Through some painful troubleshooting, I found that when you add css to a
component, Angular 2 puts the css in the page head, but adds a more
specific css selector to all css tags. For example, if your component css
has ".redhot { color: red };" Angular 2 will add that css to head as
".redhot[_ngcontent-clq-2] { color: red };" (note that the 'clq' part seems
to be randomly generated). And then Angular 2 adds an attribute to (maybe)
all DOM elements of the component to match. In other words, your <input
id="myinput" class="redhot"> becomes <input id="myinput" class="redhot"
_ngcontent-clq-2>. The bracket syntax in the stylesheet will only select
elements with class of "redhot" *that also have the attribute
_ngcontent-clq-2*. That is all fine and well... until the component itself
adds DOM elements apart from Angular. Those elements won't have the added
attribute, and therefor won't match to any of the styles. For this reason,
I've had to migrate some styles outside the component stylesheet and into
index.html (or whatever hosts your components).
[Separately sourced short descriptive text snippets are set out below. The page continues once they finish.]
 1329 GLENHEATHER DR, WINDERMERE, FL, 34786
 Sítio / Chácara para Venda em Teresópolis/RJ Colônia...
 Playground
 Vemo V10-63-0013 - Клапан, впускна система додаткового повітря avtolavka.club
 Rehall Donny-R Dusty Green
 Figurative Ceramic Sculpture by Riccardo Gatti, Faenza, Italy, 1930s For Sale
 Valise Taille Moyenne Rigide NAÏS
I don't know exactly when the 'new DOM elements which are missing Angular's
injected attribute' problem occurs. It occurred for me when using Twitter
Typeahead's control inside an Angular 2 component. I don't know if it
happens when jQuery comes in the picture, or when elements are added to the
shadow DOM (I am not very familiar with shadow DOM). But I do know it is a
bit of a problem. Can anyone shed some insight into the attribute
injection and how to elegantly address the problem?